Spread

Trading Costs

The spread is the difference between a currency pair's bid (sell) and ask (buy) price, usually measured in pips, and it is the primary cost of trading with most forex and CFD brokers.

Spread — illustrative image

What is a spread?

The spread is the gap between the two prices a broker quotes for any tradable instrument: the bid price (what you receive when you sell) and the ask price (what you pay when you buy). That gap is how many brokers earn money on every trade — instead of charging a separate fee, they simply quote a slightly worse price than the true market rate on each side.

Spreads are almost always expressed in pips, the standard unit of price movement in forex, which makes costs easy to compare across pairs and brokers regardless of the actual price level.

A worked example

Suppose a broker quotes EUR/USD as:

  • Bid: 1.0850
  • Ask: 1.0851

The spread here is 0.0001, or 1 pip. If you open a buy trade at 1.0851, the position is immediately down 1 pip the instant it’s filled, because you’d only receive 1.0850 if you closed it right away. The price has to move at least 1 pip in your favor just to break even.

On a standard lot (100,000 units), where a pip is worth roughly $10, that 1-pip spread is effectively a $10 cost on the trade. On a micro lot, the same 1-pip spread costs about $0.10. Spread cost scales directly with position size, just like pip value does.

Why the spread matters

Because the spread is paid on every single trade, it directly affects profitability — especially for short-term and high-frequency strategies like scalping, where dozens of trades a day can accumulate meaningful spread costs even if each one is small. Wider spreads mean the market has to move further before a trade turns profitable.

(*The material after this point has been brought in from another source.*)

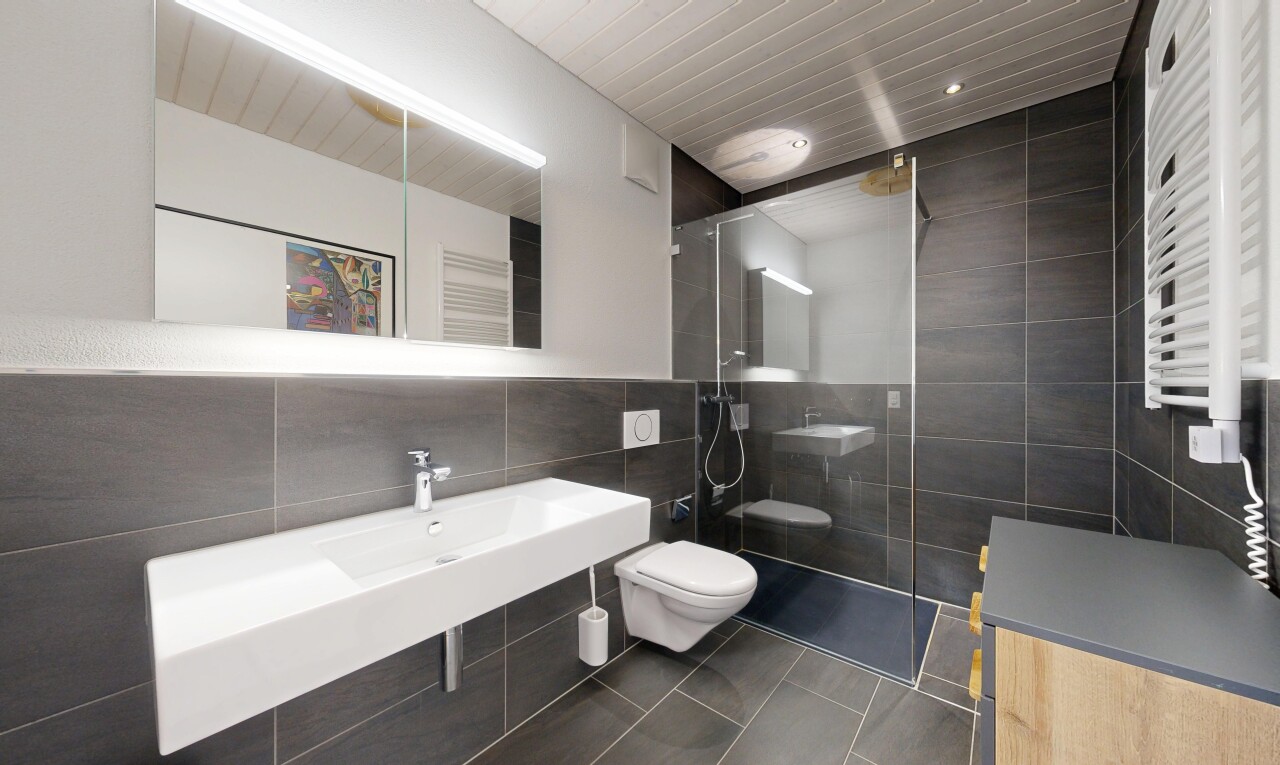 salle de bains avec mur en carrelage, tile wall, chauffe-serviettes, salle de bain complète, et douche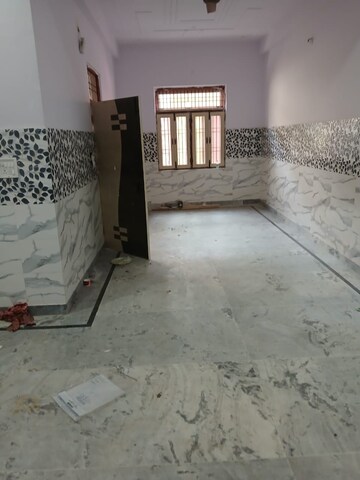 Parking in 4 BHK Independent House at New Friends Colony, Sanjay Nagar – for Sale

Spreads are not identical across brokers, account types, or market conditions. Some brokers offer a fixed spread that stays constant, while others offer a variable spread that floats with liquidity. Some accounts charge a commission on top of a much tighter raw spread. Comparing a broker’s real, checked typical spreads — not just marketing headlines like “spreads from 0.0 pips” — is one of the most important steps when choosing where to trade.

Quick recap

  • The spread is the bid-ask gap, quoted in pips, and is a core trading cost.
  • A trade starts at a small loss equal to the spread, which price must first overcome.
  • Spread cost scales with lot size, just like pip value.
  • Always compare a broker’s typical (not just minimum advertised) spreads across the pairs you actually plan to trade.